Lovato explicitly opened up about being “California Sober” in a track by the same title earlier this year from their Dancing With the Devil … The Art of Starting Over album, which revolves around the lifestyle of allowing some alcohol and marijuana consumption while steering clear of hard drugs. “I’m California sober/ It doesn’t have to mean the growin’ part is over/ No, it ain’t black or white, it’s all of the colors.”
In Lovato’s YouTube Originals docuseries of the same name, the singer opened up about their journey to recovery following a near-fatal overdose in 2018 and how they’ve felt immense pressure being the “poster child of sobriety.” Lovato discussed how they ultimately chose the path that’s best for them, with the help of recovery case manager Charles Cook, and allowed weed and wine in their life while still avoiding liquor and hard drugs.
While Lovato states in the doc that recovery is not a “one-size-fits-all solution,” Lala Kent argued in July that the “California sober” lifestyle was “super offensive” to others on the road to recovery. During an episode of David Yontef’s Behind the Velvet Rope podcast, the model and Vanderpump Rules star opened up about being sober since October 2018 and being against the idea of being “California sober.”

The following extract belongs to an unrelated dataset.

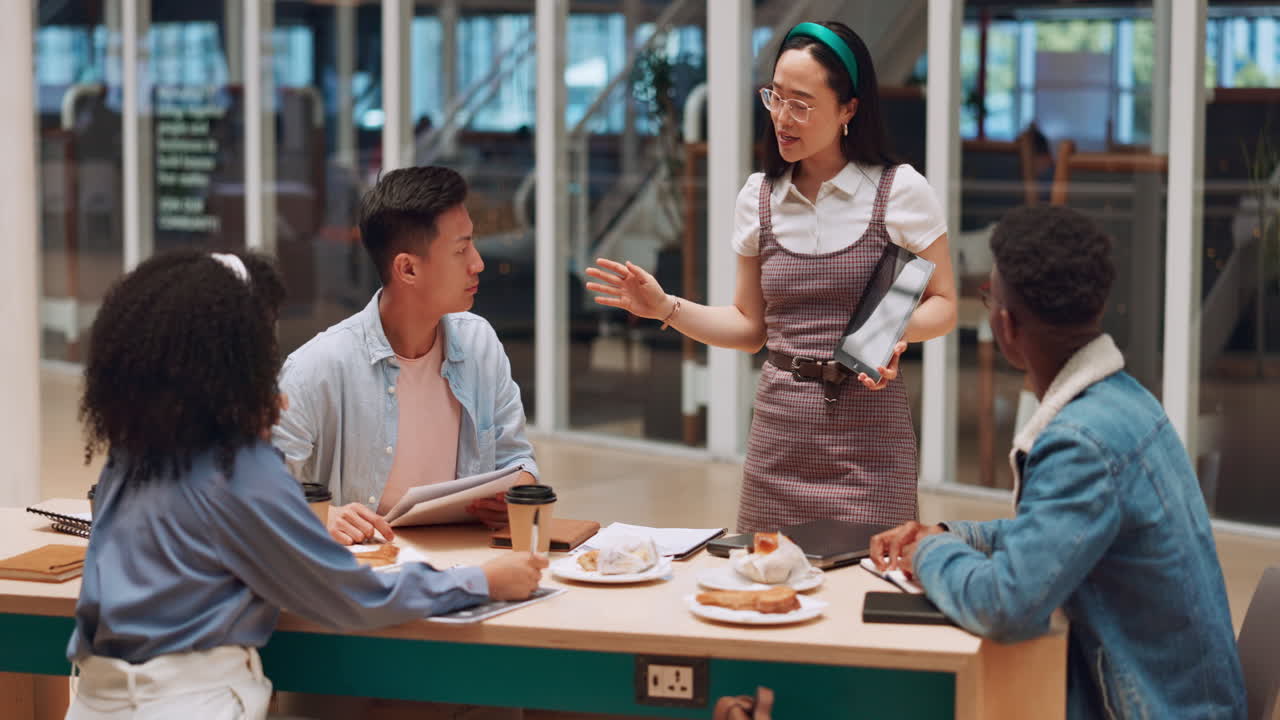 다양성 학생, 레스토랑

“There are people out there who have worked their ass off to never take themselves out of reality and to never place themselves in an altered state. When they have a cold, they don’t even take DayQuil or NyQuil. So to say that you’re ‘California sober’ or this type of sober is extremely offensive, I think,” she said, going on to describe the idea as “not a real thing. You’re not sober. If you’re drinking and smoking weed, you’re not sober.”
Elton John, who celebrated 30 years of being sober last summer and said in the Dancing With the Devil doc that he hopes Lovato also experiences the “most incredible things” in life while in recovery, simply stated “moderation doesn’t work” when it comes to sobriety.